Die Produkte sind alles andere als billig. Dieses Ultrox Expression Marks Anti-Falten Serum des Herstellers "Gratiae" beispielsweise soll - täglich angewendet - Falten und Mimikspuren reduzieren. Allerdings für einen stolzen Preis: Knapp 446 Euro kostest die 30 ml-Flasche im Onlineshop.

Die zugehörige selbsterwärmende Maske, die quasi als Vorbereitung für das Serum dienen soll, schlägt noch einmal mit knapp 535 Euro zu Buche. Ein stolzer Preis für Produkte einer Firma, die sich trotz wiederholter Nachfrage weder zu den Inhaltsstoffen ihrer Produkte noch zu etwaigen Nachweisen über deren Verträglicheit oder den Hintergründen der Firma selbst äußern will.

"Obey your Body": Eine andere Marke, die wie "Gratiae" beispielsweise am Hamburger Flughafen sehr aggressiv von englischsprachigen Verkäufern angeboten wird, kann mit ähnlich teurer Produkten aufwarten. Beispielsweise einer "entgiftenden Gesichtsmaske" für umgerechnet rund 580 Euro, ...

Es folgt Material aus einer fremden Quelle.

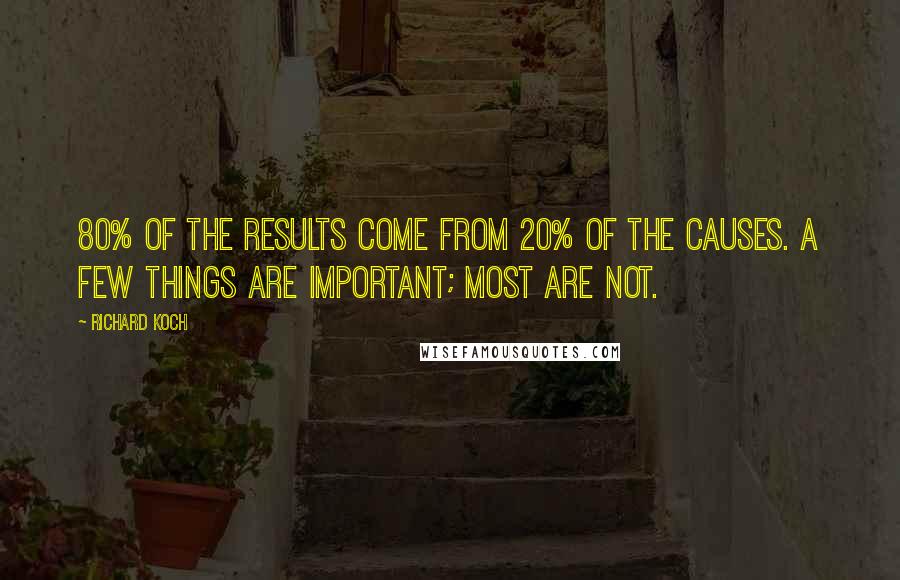 Richard Koch Quotes: 80% of the results come from 20% of the causes. A few things are important; most are not.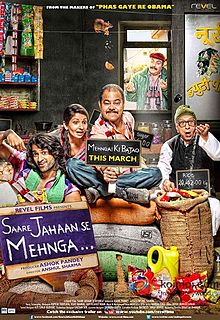 Saare Jahaan Se Mehnga, Sanjai Mishra, Ranjan Chhabra, Disha Pandey, Vishwa Mohan Badola, Pramod Pathak, Zakir Hussain, 2013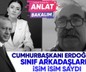 Rafael Sadi, Cumhurbaşkanı Erdoğan'ın sınıf arkadaşlarını isim isim saydı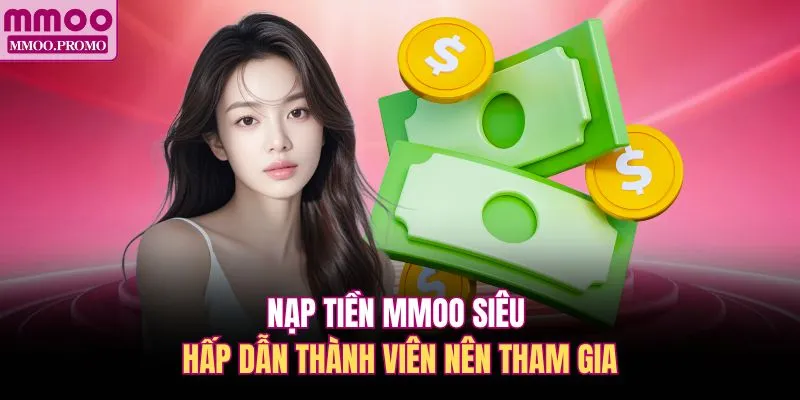 Nạp tiền MMOO siêu hấp dẫn thành viên nên tham gia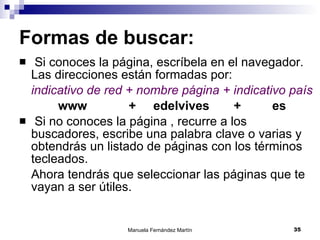 Formas de buscar: Si conoces la página, escríbela en el navegador. Las direcciones están formadas por: indicativo de red + nombre página + indicativo país   www  +  edelvives  +  es Si no conoces la página , recurre a los buscadores, escribe una palabra clave o varias y obtendrás un listado de páginas con los términos tecleados.  Ahora tendrás que seleccionar las páginas que te vayan a ser útiles. 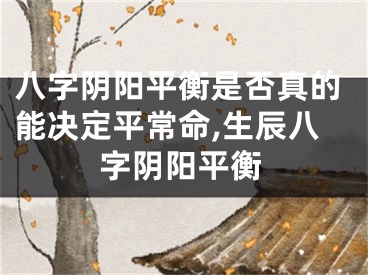 八字阴阳平衡是否真的能决定平常命,生辰八字阴阳平衡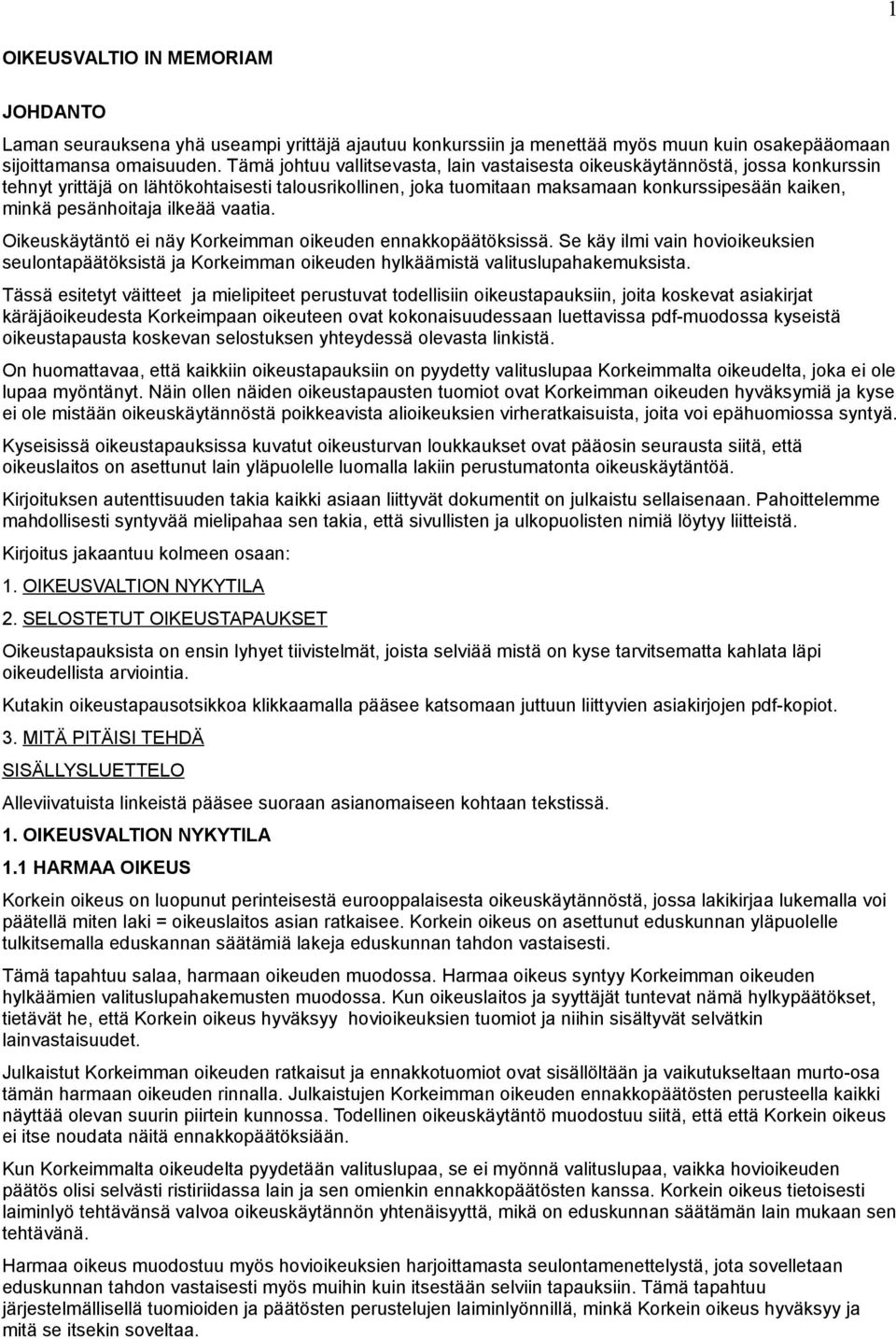 pesänhoitaja ilkeää vaatia. Oikeuskäytäntö ei näy Korkeimman oikeuden ennakkopäätöksissä.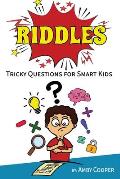 Riddles: Tricky Questions For Smart Kids, Funny Riddles and Brain Teasers for Children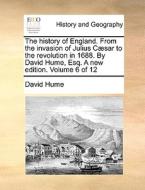 The History Of England. From The Invasion Of Julius C]sar To The Revolution In 1688. By David Hume, Esq. A New Edition. Volume 6 Of 12 di David Hume edito da Gale Ecco, Print Editions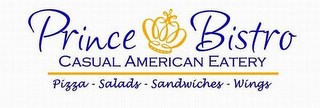 PRINCE BISTRO CASUAL AMERICAN EATERY PIZZA - SALADS - SANDWICHES - WINGS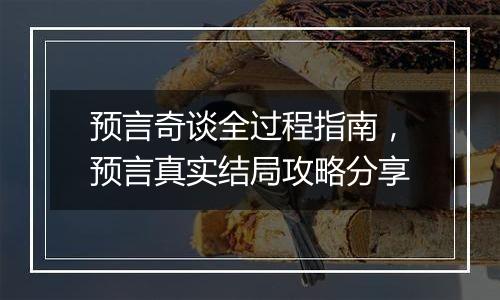 预言奇谈全过程指南,预言真实结局攻略分享 预言奇谈全过程指南,预言真实结局攻略分享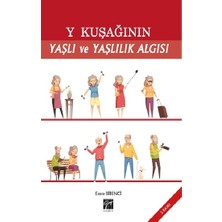 Gazi Kitabevi Y Kuşağının Yaşlı ve Yaşlılık Algısı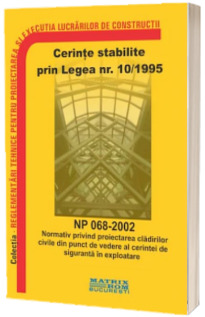 NP 068-2002: Normativ privind proiectarea clădirilor civile din punct de vedere al cerinței de siguranță în exploatare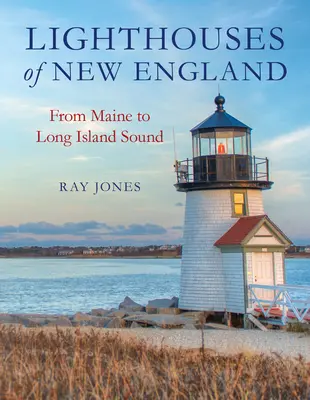 Farurile din Noua Anglie: De la Maine la Long Island Sound - Lighthouses of New England: From Maine to Long Island Sound
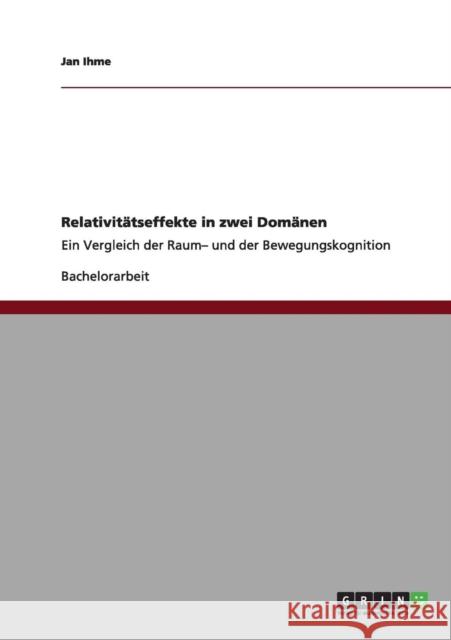 Relativitätseffekte in zwei Domänen: Ein Vergleich der Raum- und der Bewegungskognition Ihme, Jan 9783640978892 Grin Verlag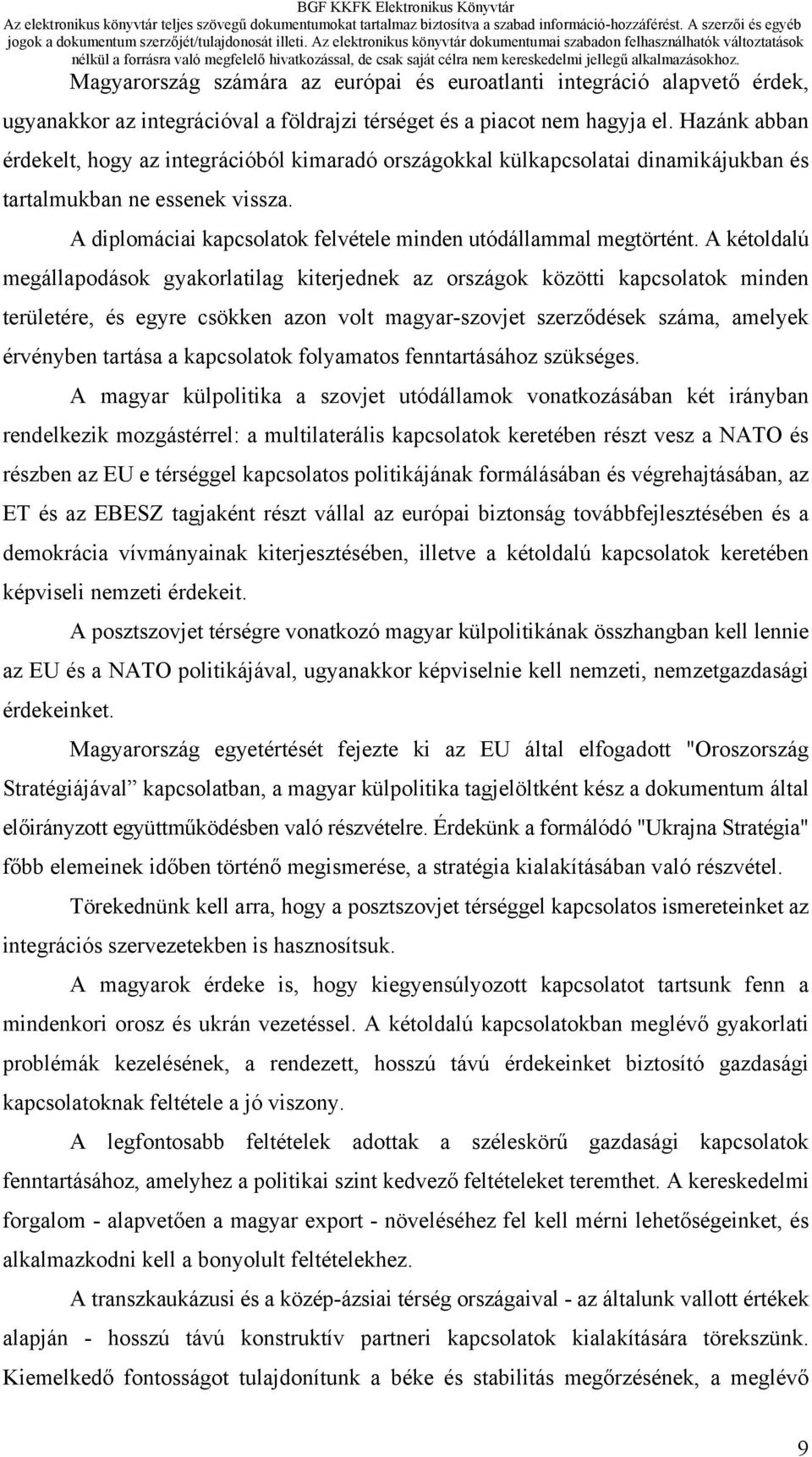 A kétoldalú megállapodások gyakorlatilag kiterjednek az országok közötti kapcsolatok minden területére, és egyre csökken azon volt magyar-szovjet szerződések száma, amelyek érvényben tartása a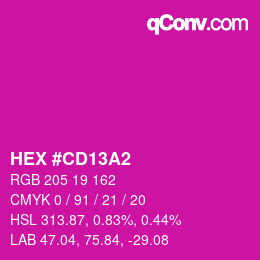 颜色代码: HEX #CD13A2 | qconv.com
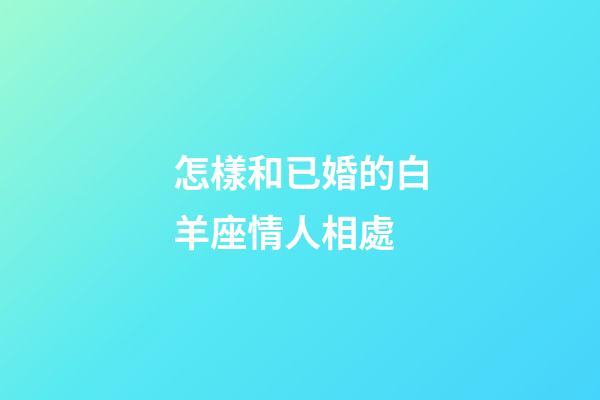 怎樣和已婚的白羊座情人相處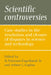 Scientific Controversies: Case Studies in the Resolution and Closure of Disputes in Science and Technology by Jr. Engelhardt H. Tristram, Arthur L. Caplan, Jr. Engelhardt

... einem Body Lifting Serum für knapp 350 Euro, ...

... oder einer "hauterneuernden biomagnetischen Maske", die es für umgerechnet rund 760 Euro im Onlineshop gibt. Ziemlich viel Geld für das Produkt eines Großhändlers, der selbst keine Wissenschaftler beschäftigt, sondern seine Produkte von externen Dienstleistern an unterschiedlichen Orten zusammenrühren lässt.